Ей нравится, когда по дому гуляет ветерок.
Меня накрывает волной облегчения. Она еще здесь.
– Ава! – кричу я, ворвавшись в дом.
Все лампы в доме горят. И свечи, и рождественская гирлянда. На граммофоне крутится La Vie en Rose[72]. В воздухе витает память тысячи давно сгоревших и канувших в небытие ароматических палочек. Где-то тлеет свежая. Птицы, порхающие по гобелену, висящему над кроватью, провожают меня глазами-бусинками.
Я зову ее, перебегая из комнаты в комнату, бегу к лестнице.
– Макс? Ава? Макс?
Я взбегаю наверх. И на последней ступеньке застываю как вкопанная.
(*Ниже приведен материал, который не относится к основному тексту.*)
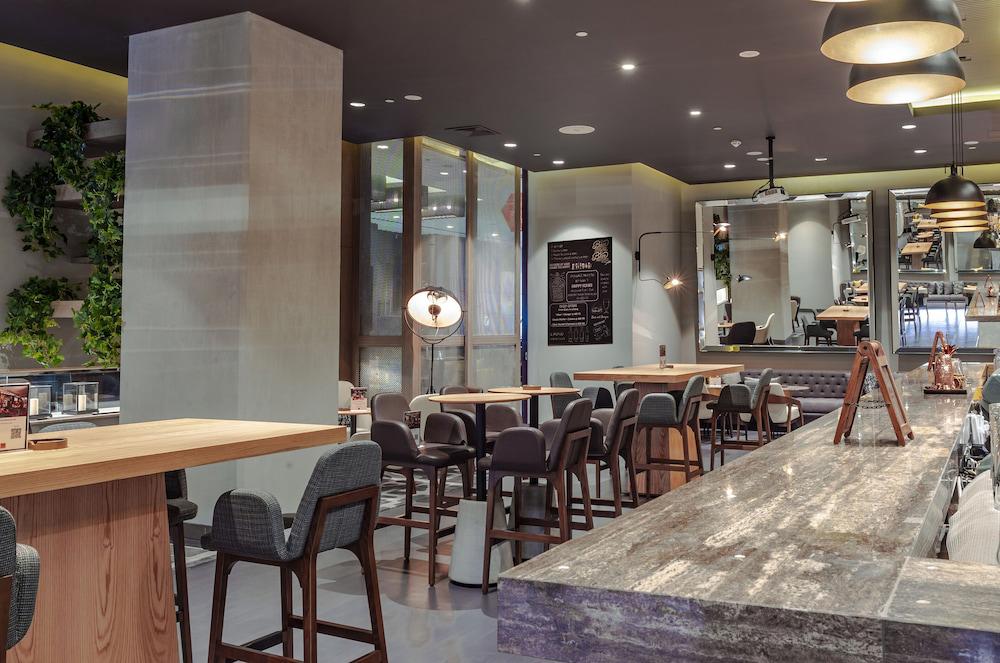 Centro Capital Centre by Rotana Hotel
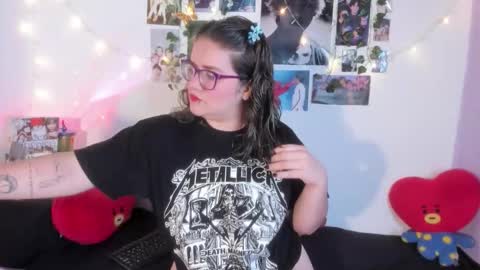 hellen online show from December 2, 4:36 am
Я часто встречала в книгах выражение «застыл каквкопанный». И всегда мне казалось, что это чушь собачья. Нельзя просто взять и замереть. Но, оказалось, можно. Можно. Можно замереть, застыть, оцепенеть в один миг. Прямо как я сейчас – на пороге приоткрытой двери. Я застыла как вкопанная и разглядываю забрызганные кровью стены. Разбитое окно. И белое тело лебедя с топором в спине, лежащее в луже крови в центре комнаты. Его белые крылья раскинуты так, словно он вот-вот оттолкнется и взлетит. Я не могу пошевелиться, точно так же, как Макс, сидящий на берегу озера крови, которое растекается по всей комнате. Даже мои губы онемели – с них не срывается ни звука, ни крика, хотя по всему моему телу разливается что-то темное, вязкое и обжигающее.
Я скольжу взглядом по длинной белой безжизненной шее. По сверкающему лезвию, застрявшему в облаке перьев. Это сон, говорю я себе и чувствую, как пол у меня под ногами вздувается и раскачивается, словно я плыву на нем по черным кровавым водам.
– Макс… – зову я и слышу, как мой голос надламывается, раскалывая пополам его имя. – Что это? Что тут случилось?
Но он не отвечает. Он сидит спиной ко мне, склонившись над мертвым лебедем. Его голова опущена. Он неподвижен, как камень. Я снова перевожу взгляд на белую птицу и смотрю на лужу, подбирающуюся к моим ногам.
Чувствую, как падаю на колени, окунаясь в ужасающе теплую кровь.
– Макс, – я тянусь к нему и трясу его за плечи.
Всегда ли он был таким хрупким? Всегда ли его плечи казались такими тонкими, словно сотканными из воздуха?
– Что это? Что ты сделал? – трещина в моем голосе расползается паутиной, точно по гигантскому зеркалу.
Его голова по-прежнему опущена на грудь. Шея кажется резиновой.